I'm really sorry, don't know what I'm doing wrong.

[Huanle]

Hi @acarmas1 , As the error message implies: you need to install the biopython package. Can you please install all required packages listed in the README document?

[acarmas1]

Hi Huanle,

It's been a while, my epinano current job finished in mora than 10 days. I have a question, about further steps.

I have fast5 files for RNA with the m6A modification (WT) and fast5 files that I know don't have the m6A (KO), so should I run epinano current for both conditions? WT and KO? I already did for the WT, and the process generated directories for forward and reverse events. Should I use the .csv file from the forward directory or the reverse?
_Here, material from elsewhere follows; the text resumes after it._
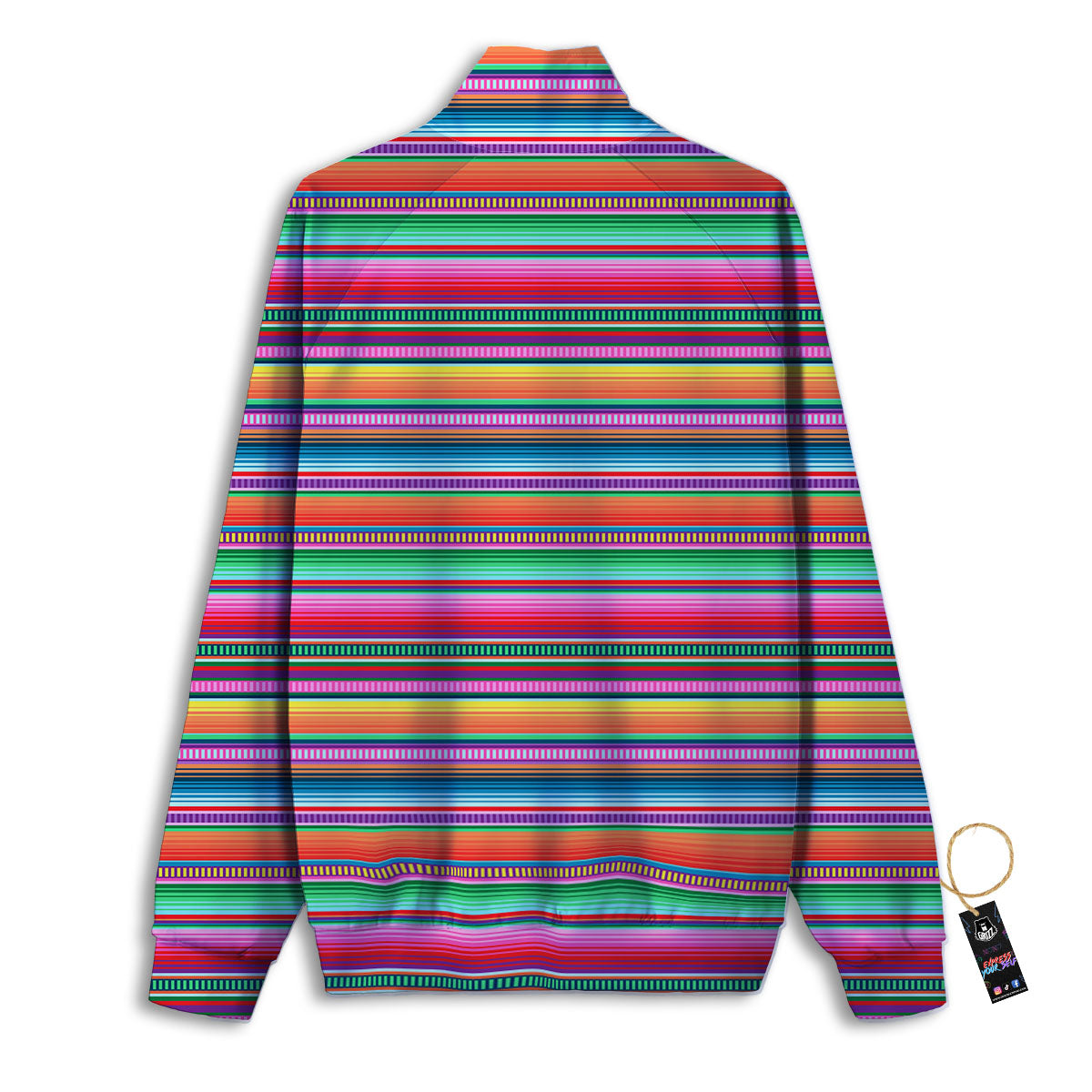 Woven Ethnic Mexican Print Pattern Track Jacket-grizzshop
Also, I want to use the Epinano_DiffErr.R the -k and -w has to be the files generated with epinano variants or epinano current? If it has to be from epinano variants, I have .csv files for the minus and plus strand. Which one should I pick? the plus or the minus?

Thank you so much, Camila

[Huanle]

Hi @acarmas1 , You can combine the forward and reverse strand data into one file for further analysis. Those scripts are strand sensitive and they can tell different strandedness apart. Epinano_DiffErr is more suitable for small/short reference sequences, because it was originally used for detecting modifications from small RNAs. If you want to use it with long genome reference sequences, I recommend using it in a sliding window analysis manner. Cheers - Huanle

[acarmas1]

Thanks Huanle, Just one last question, for Epinano_DiffErr, I have a long genome reference, how I can do the sliding window analysis manner?

[Huanle]

I do not have a script for that. But I think it's quite straightforward to segment your input, aka those variants files, on your reference sequences and feed them into epinano_differr.